Trump, Biden battle over the virus, climate, and race in less chaotic debate; Analysis: Debate is a brief interlude of normalcy in 2020 race


Alternate textA bonafide U.S. presidential debate broke out in Nashville last night as President Donald Trump and Democratic challenger Joe Biden battled over how to tame the raging coronavirus in the 2020 election’s final face-off.

Trump declared that the virus, which killed more than 1,000 Americans on Thursday alone, and more than 223,000 so far, will “go away.”

Biden countered that the nation was heading toward “a dark winter.” “Anyone who is responsible for that many deaths should not remain as president of the United States of America,” Biden said.

They largely shelved the rancor that overshadowed their previous debate in favor of a more substantive exchange that highlighted their vastly different approaches to solving the major domestic and foreign policy challenges engulfing the nation, report Jonathan Lemire, Michelle L. Price, Darlene Superville, and Will Weissert.

With less than two weeks until the election, Trump sought to portray himself as the same outsider he first pitched to voters four years ago, arguing anew that he wasn’t a politician.

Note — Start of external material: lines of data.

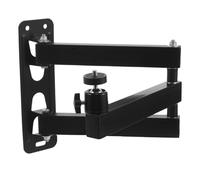 HOLIDYOYO Projector Stand for Wall Mount Adjustable Bracket Rotating Holder Arm for Home Theater and Ceiling Mounting Scenarios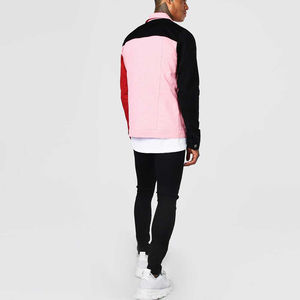 Chaqueta de invierno para hombre, chaqueta vaquera con costuras de alta calidad, chaqueta vaquera para hombre con diseño cómodo y ajustado, chaqueta vaquera para hombre. - Product Image 4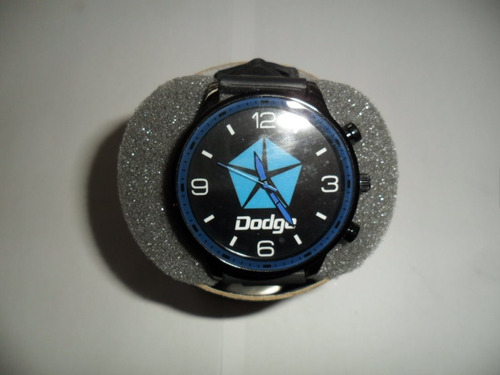 Relógio Com Tema Automotivo, Dodge ( Grande )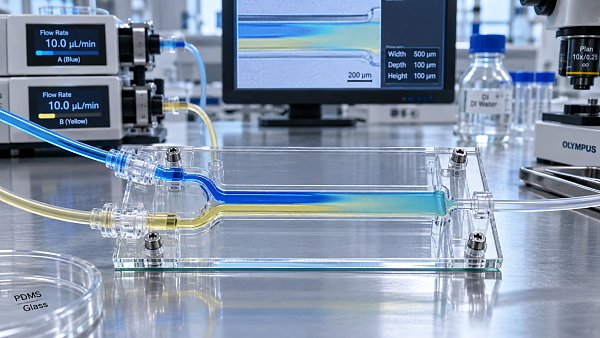 Microfluidic Design Basics: Channels, Flow Regimes, and Material Choices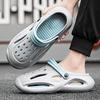 New Fashion Hollow-out Breathable Slippers Summer Beach Shoes Slippers for Men Outdoor/Indoor Sandals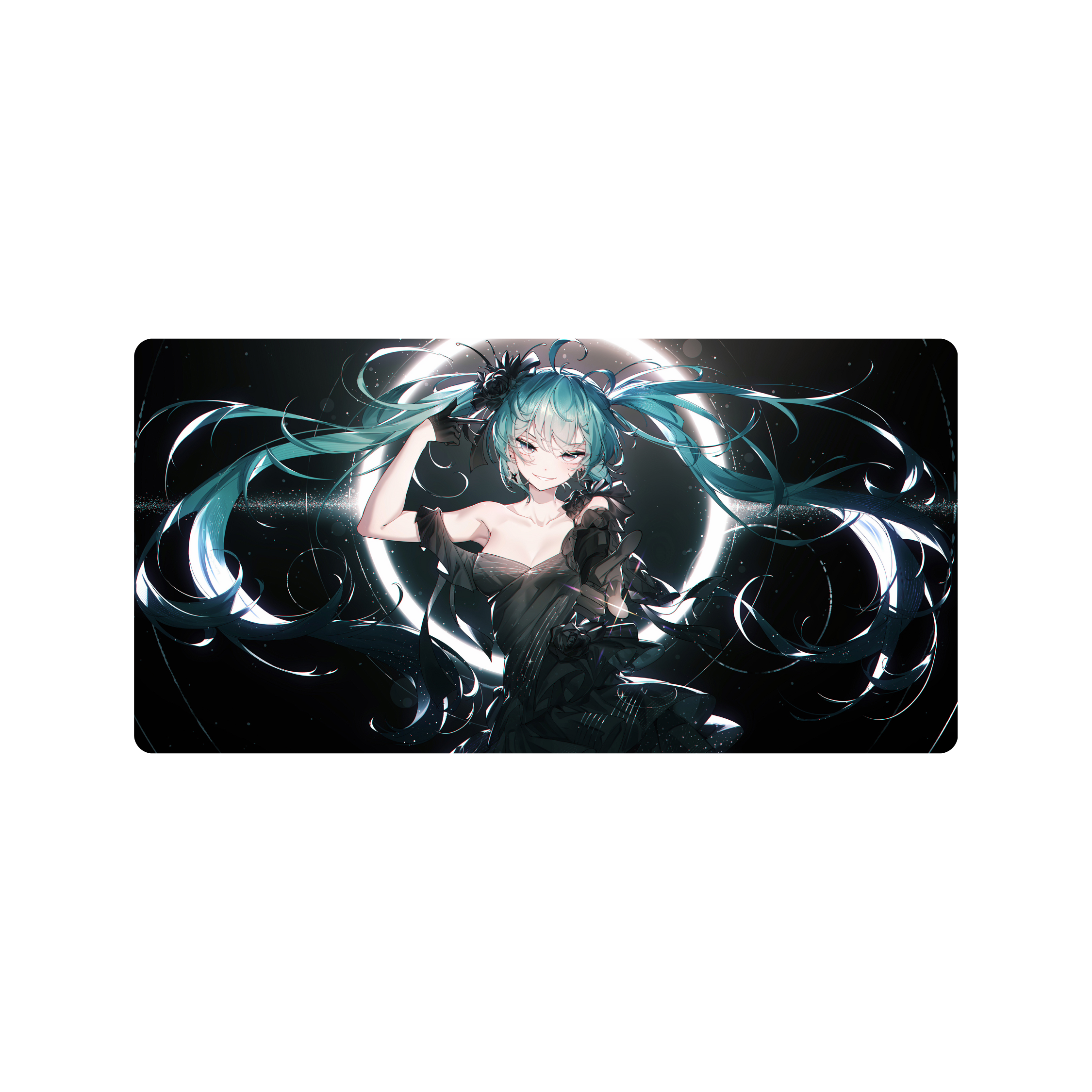 Mousepad hatsune miku 120x60 PRO | Custom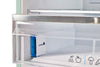 Unique Classic Retro 28" 17 Cu Ft. Bottom Mount Refrigerator - Green - UNQ-455L LG AC | Réfrigérateur Classic Rétro d’Unique de 28 po et de 17 pi3 à congélateur inférieur - vert - UNQ-455L LG AC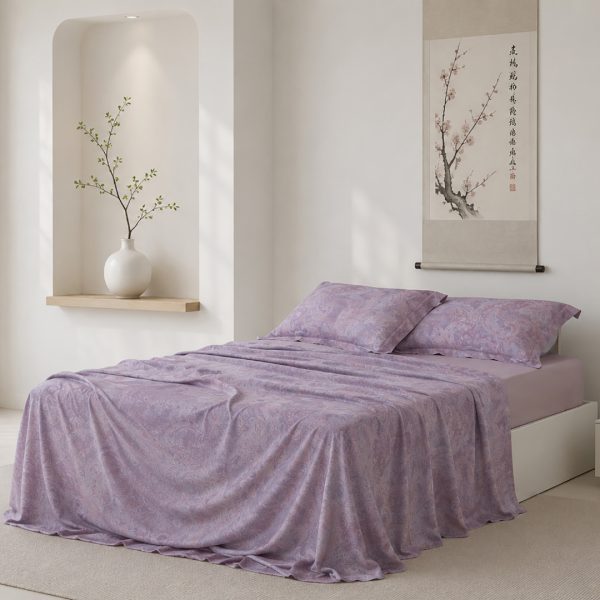 Σετ σεντόνια tencel 300TC (160cm x 200cm + 40cm) silva SilkFashion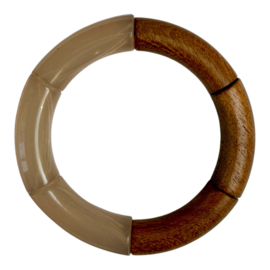 Bybjor "Color & Wood" Rainbow Bracelet Collection 02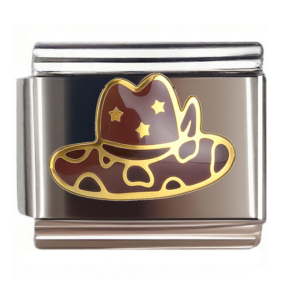Brown Star Cowboy Hat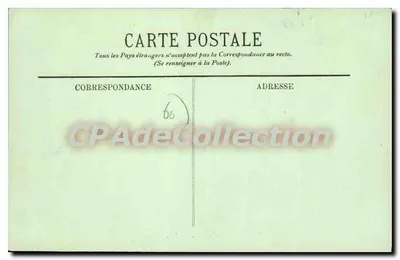 Compiègne — A Caserna — LL. — n° 105 — Verso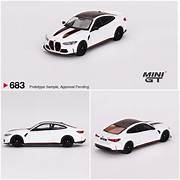 BMW M4 CSL -ALPINE WHITE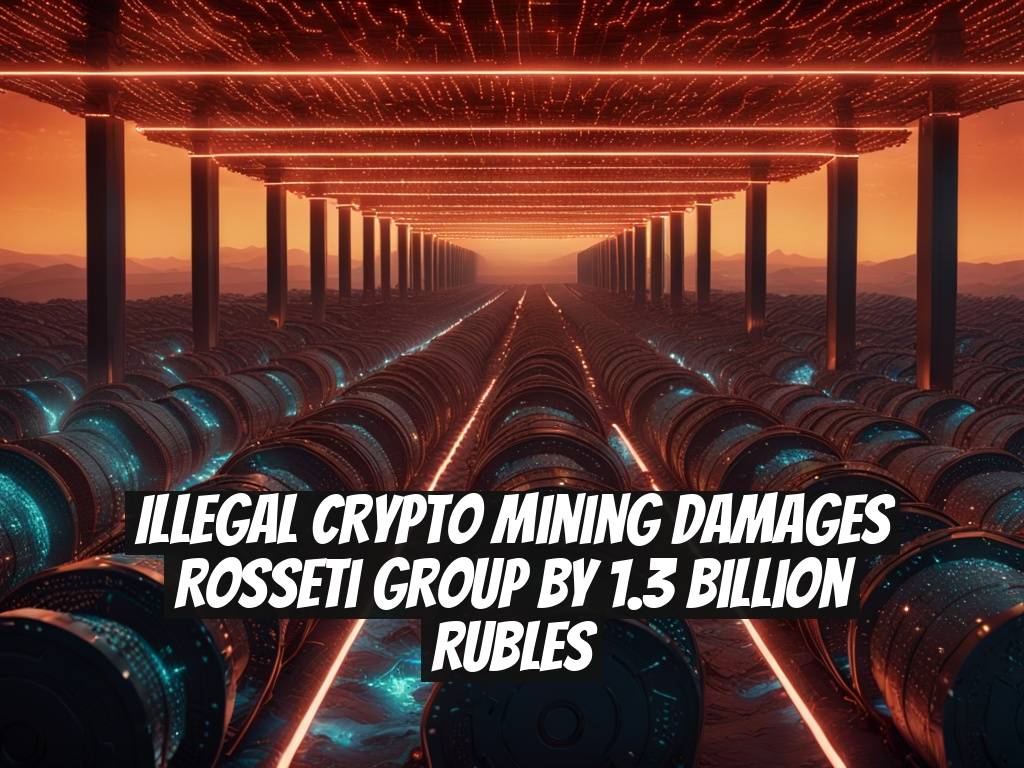 Illegal Crypto Mining Damages Rosseti Group by 1.3 Billion Rubles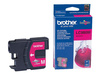 BROTHER LC980M Tusz Brother LC980M magenta 260str DCP145C / DCP165C / MFC250C / MFC290C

Biden, meanwhile, argued that Trump was an incompetent leader of a country facing multiple crises, including the pandemic, widespread job losses and racial injustice, and tried to connect what he saw as the president’s failures to the everyday lives of Americans.

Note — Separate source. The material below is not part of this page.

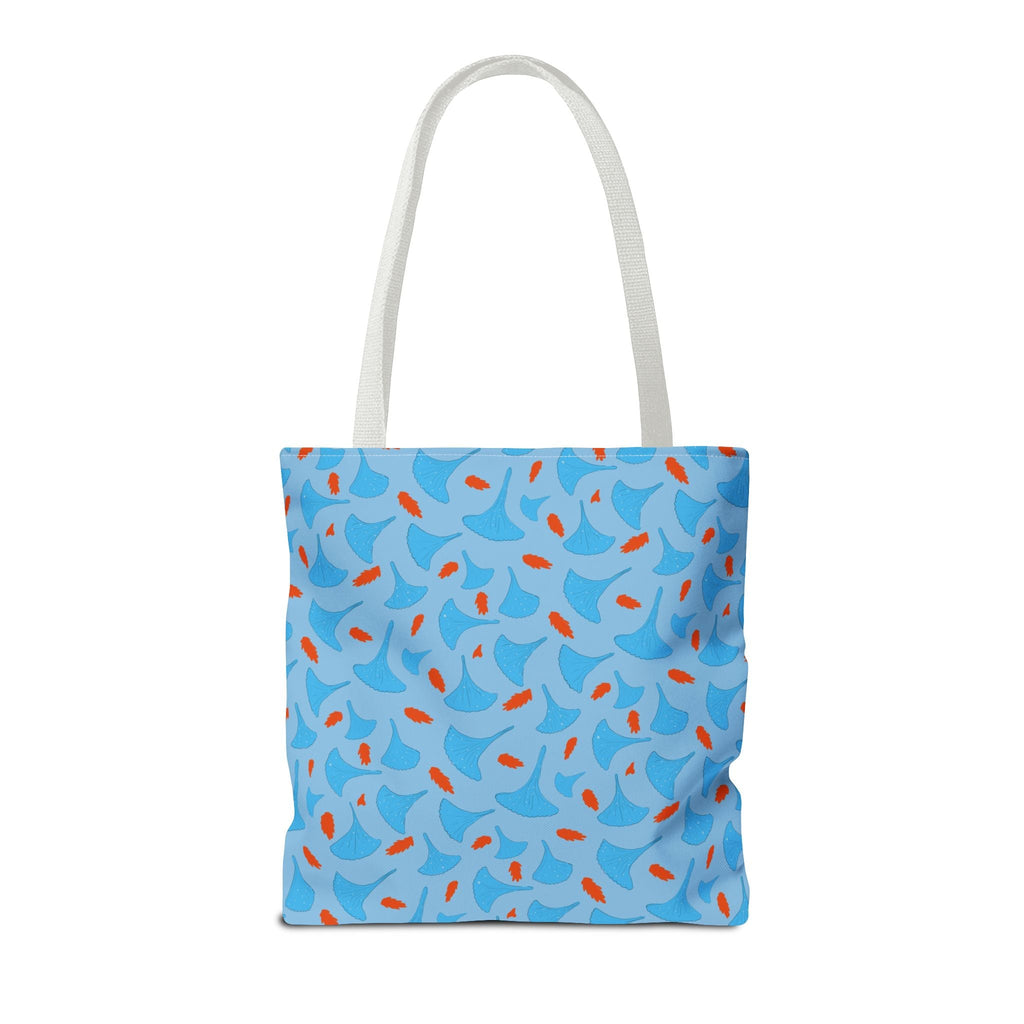 Blue Orange Breeze Original Art Tote Bag (AOP) Printify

Key Takeaways: Round 2 highlights policy over petulance.

VIDEO: Trump, Biden spar over virus, race in last debate.

Analysis: It was a brief interlude of normalcy in an otherwise highly abnormal year, and a reprieve for voters turned off by their noxious first faceoff, AP Washington Bureau Chief, Julie Pace writes. The candidates spent 90 minutes tussling over their approach to the pandemic, the future of the nation’s health insurance system and who is best positioned to de-escalate nuclear tensions with North Korea. There were heated clashes, but far fewer interruptions and crosstalk than in the opening debate. The debate commission mandated a mute button for the candidates’ opening answers to each topic, helping the moderator enforce some decorum.

Scene: Final debate marked by clashes but less chaos. 

NBC’s Kristen Welker sharp in first turn as debate moderator.

Biden Oil: The Democrat’s remarks that he will transition away from the oil industry in favor of renewable energy sources drew quick attention from Trump, who called it a “big statement” and suggested it would come with political blowback in oil-producing U.S. states. Biden has called for a move to net-zero greenhouse gas emissions by 2050 and has pledged to end federal subsidies for the oil and gas industry while Trump touts his support for the industry and its jobs, Kathleen Ronayne and Ellen Knickmeyer report. 

China’s Hopes: Beijing hopes Washington will tone down conflicts over trade, technology and security if Biden wins the election. But any shift is likely to be limited as frustration with Beijing grows across the American political spectrum. Trump’s Republicans and Biden’s Democrats agree on criticism of China’s trade record and stance toward Hong Kong, Taiwan and religious and ethnic minorities in Tibet and Xinjiang, where the ruling Communist Party has detained Muslims in political re-education camps. Joe McDonald reports from Beijing. 

In the meantime, Chinese leader Xi Jinping has condemned what he called unilateralism, protectionism and extreme egoism in a jab at the U.S. made during a rally to mark the 70th anniversary of China’s entry into the 1950-53 Korean War.

U.S. relations with North Korea featured briefly in the presidential debate, with Trump claiming the Obama administration left him a “mess” to deal with in terms of tempering relations with Pyongyang and that he had warded off a war. Biden said Trump had “legitimized” a “thug” by meeting and forging a relationship with Kim Jong Un. North Korea didn’t immediately react to the presidential debate. 

Election Security: Russian hackers have targeted the networks of dozens of state and local governments in the U.S. in recent days, and have stolen data from at least two servers. The alert describes an onslaught of recent activity from Russian state-sponsored hacking groups against state and local networks, some of which were successfully compromised. The advisory from the FBI and the Department of Homeland Security’s cybersecurity agency functions as a reminder of Russia’s potent capabilities even as U.S. officials warn about Iranian interference. Eric Tucker reports.